[Scraped caption text data]
◆ ◆ ◆

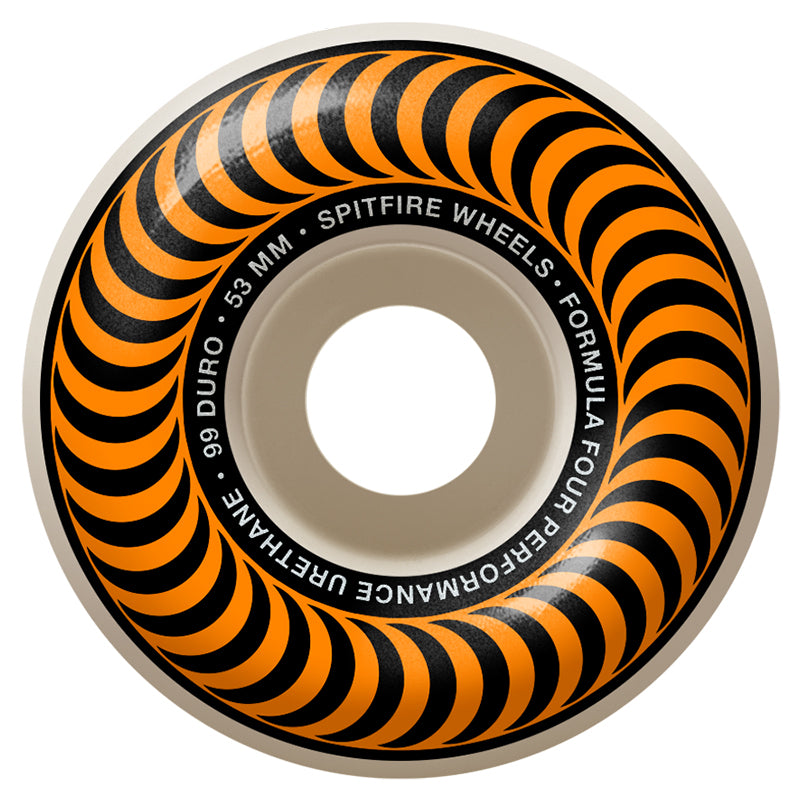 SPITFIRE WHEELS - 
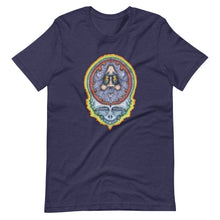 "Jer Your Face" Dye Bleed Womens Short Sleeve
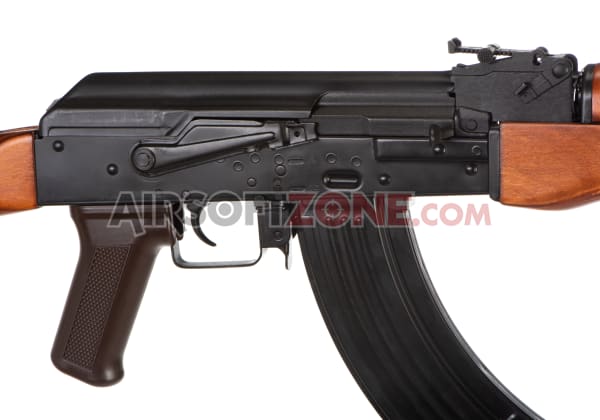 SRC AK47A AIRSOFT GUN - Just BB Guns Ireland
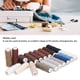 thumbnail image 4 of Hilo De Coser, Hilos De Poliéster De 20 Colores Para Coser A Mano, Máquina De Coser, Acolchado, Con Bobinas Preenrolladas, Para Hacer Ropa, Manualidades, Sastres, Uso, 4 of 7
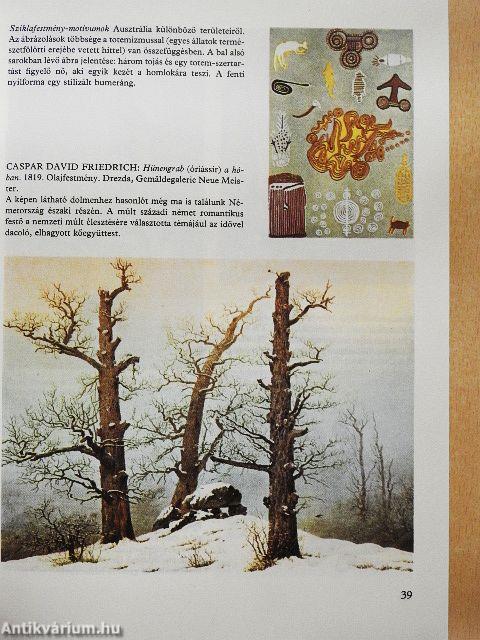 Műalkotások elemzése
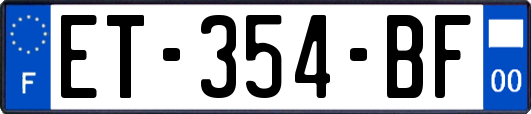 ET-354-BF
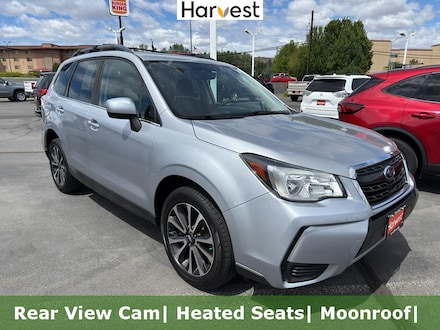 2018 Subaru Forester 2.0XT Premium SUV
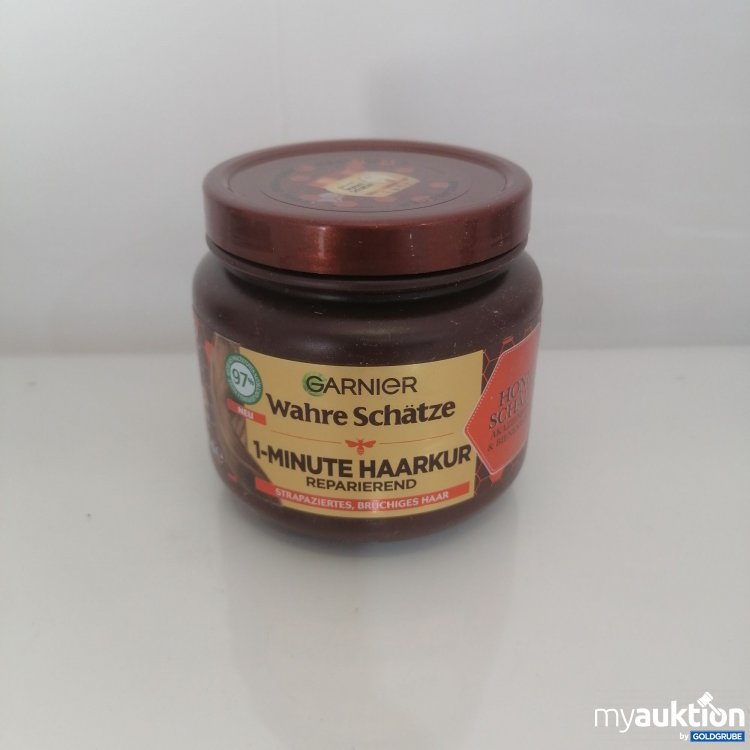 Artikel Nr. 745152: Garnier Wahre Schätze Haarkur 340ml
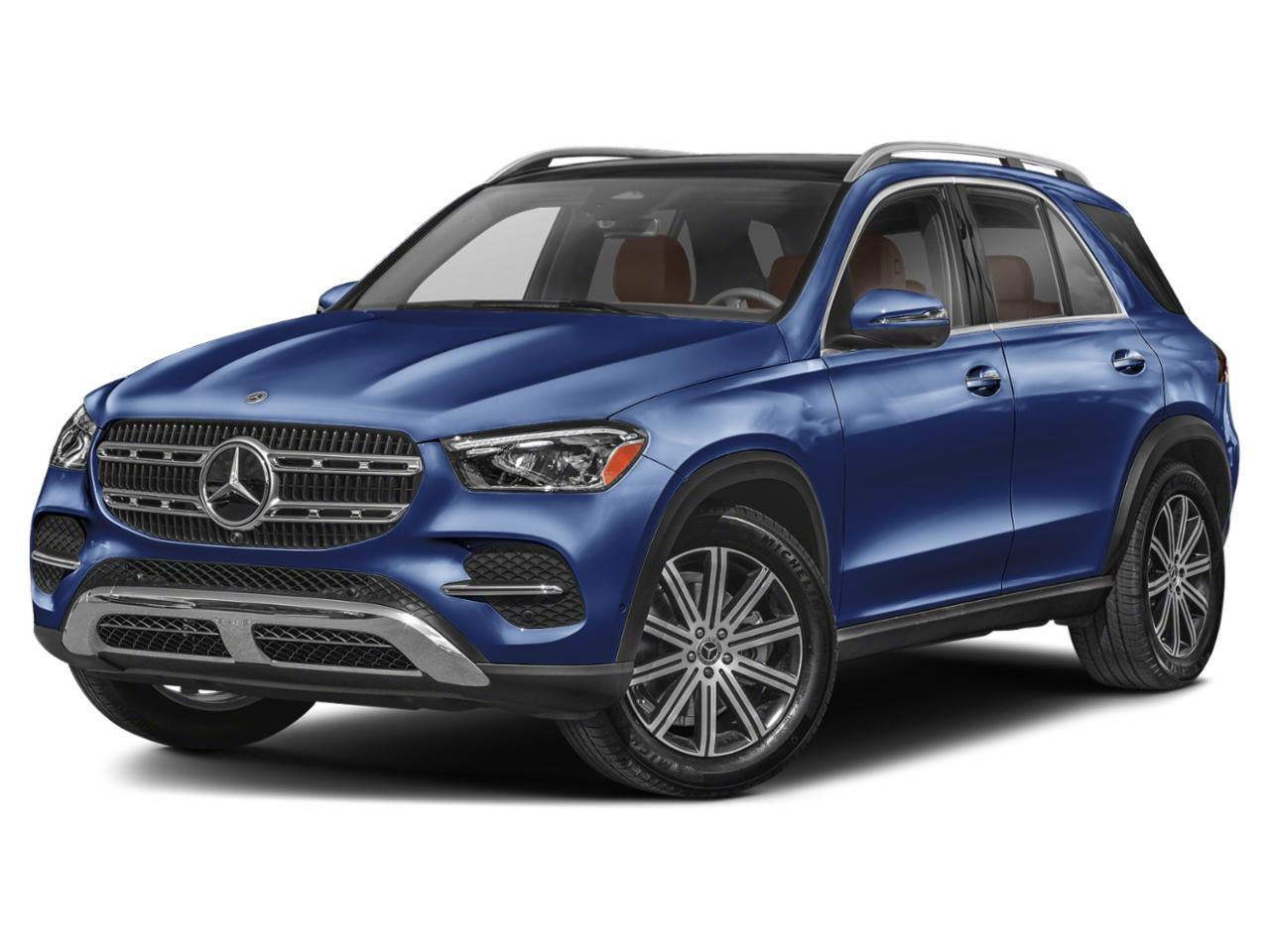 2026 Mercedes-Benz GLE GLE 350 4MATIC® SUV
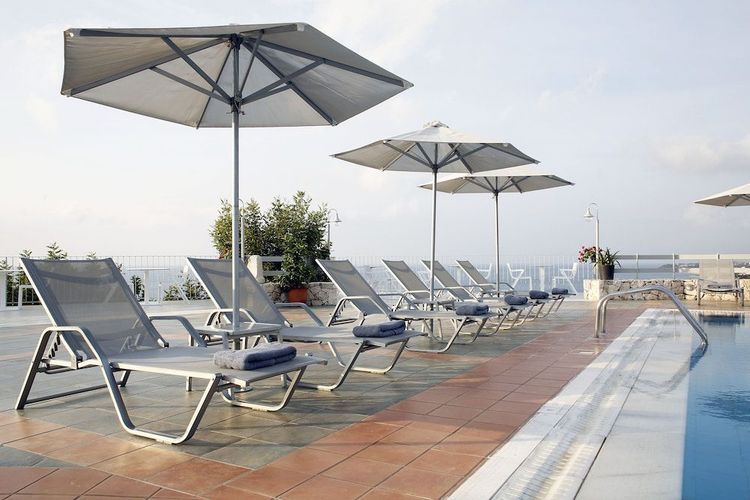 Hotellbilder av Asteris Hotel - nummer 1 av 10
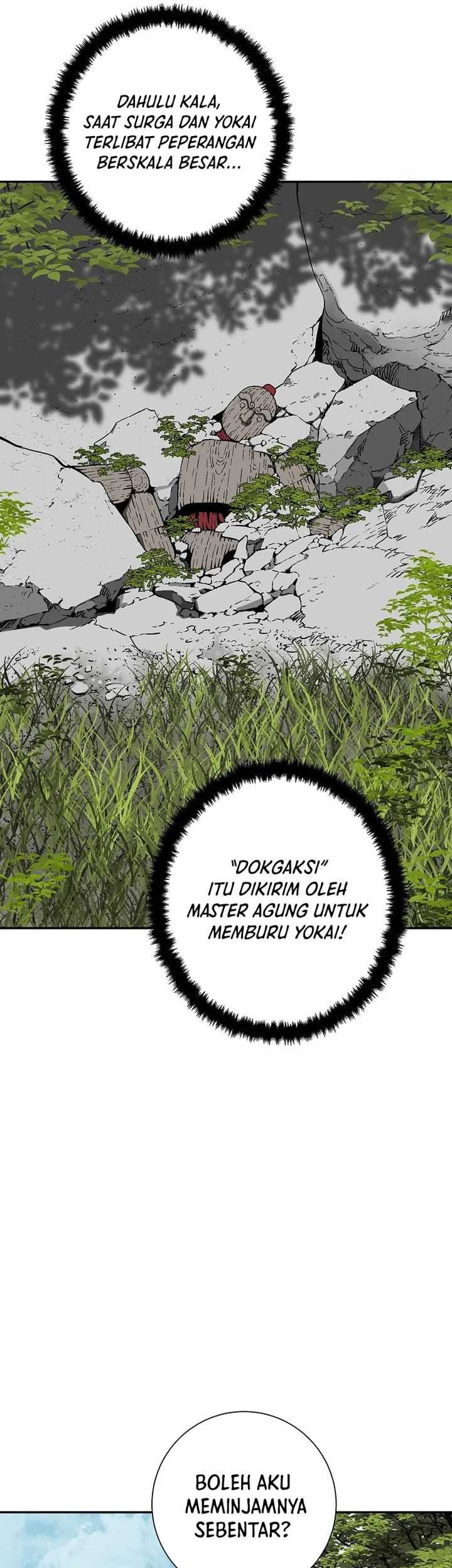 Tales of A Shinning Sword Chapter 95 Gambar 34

◆ ◆ ◆

Pictures are to be left out, and the lines from the beginning of the records through the line with "SRC AK47A AIRSOFT GUN - Just BB Guns Ireland" are to be printed exactly, with nothing added.

 SPITFIRE WHEELS - 
 "Jer Your Face" Dye Bleed Womens Short Sleeve
 SRC AK47A AIRSOFT GUN - Just BB Guns Ireland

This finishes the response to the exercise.